> _Problem details_
Copy the data precisely, character for character, and leave out every picture.

> _Available data_

================================

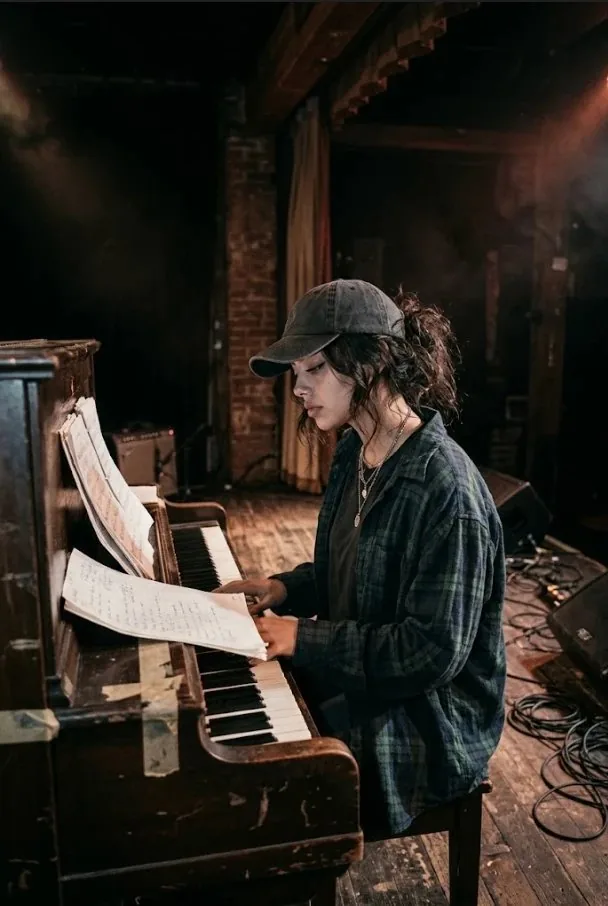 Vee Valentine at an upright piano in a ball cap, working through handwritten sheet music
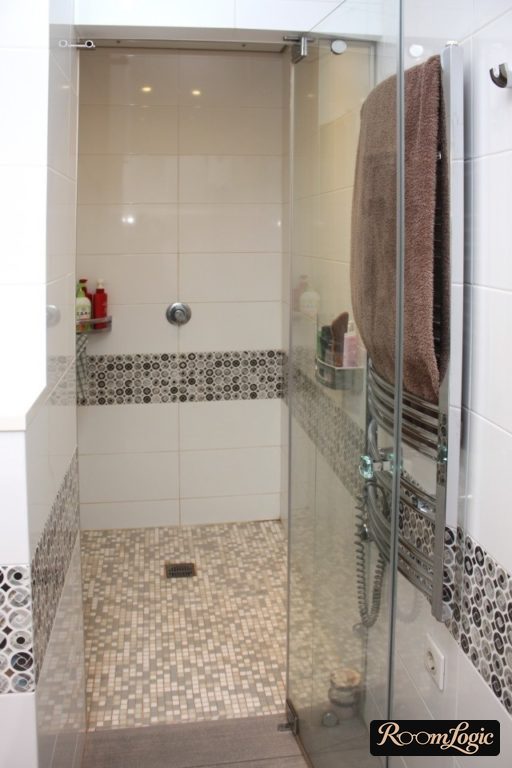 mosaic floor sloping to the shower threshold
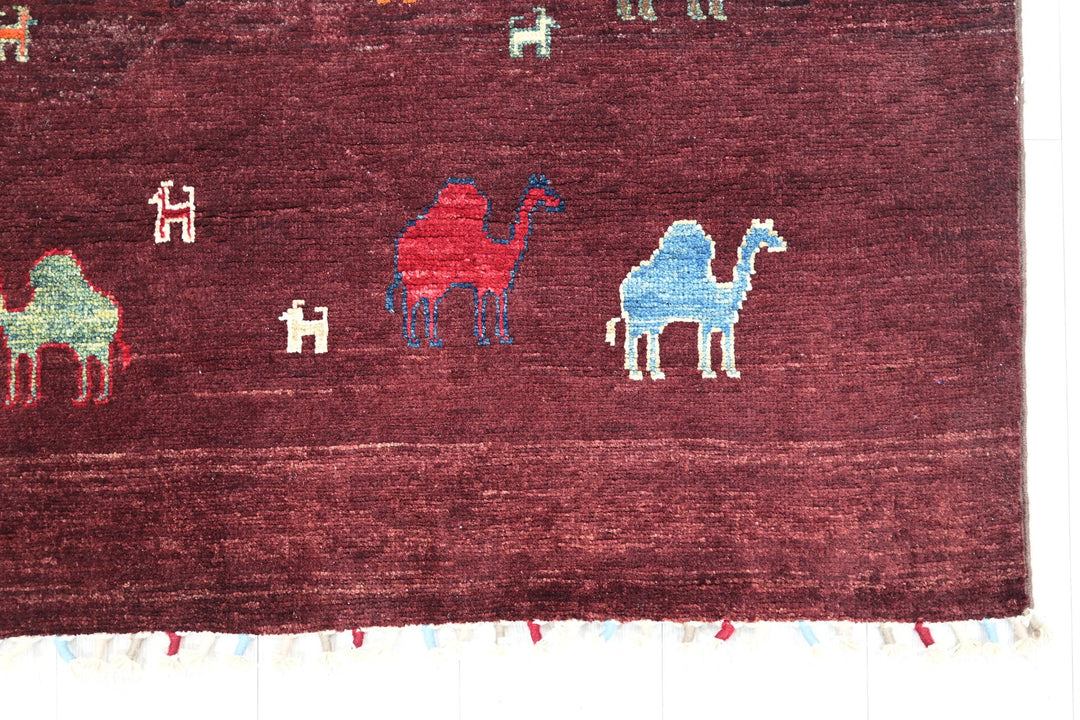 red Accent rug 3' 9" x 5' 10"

================================

> _Problem solution_
 Vee Valentine at an upright piano in a ball cap, working through handwritten sheet music
 mosaic floor sloping to the shower threshold
 red Accent rug 3' 9" x 5' 10"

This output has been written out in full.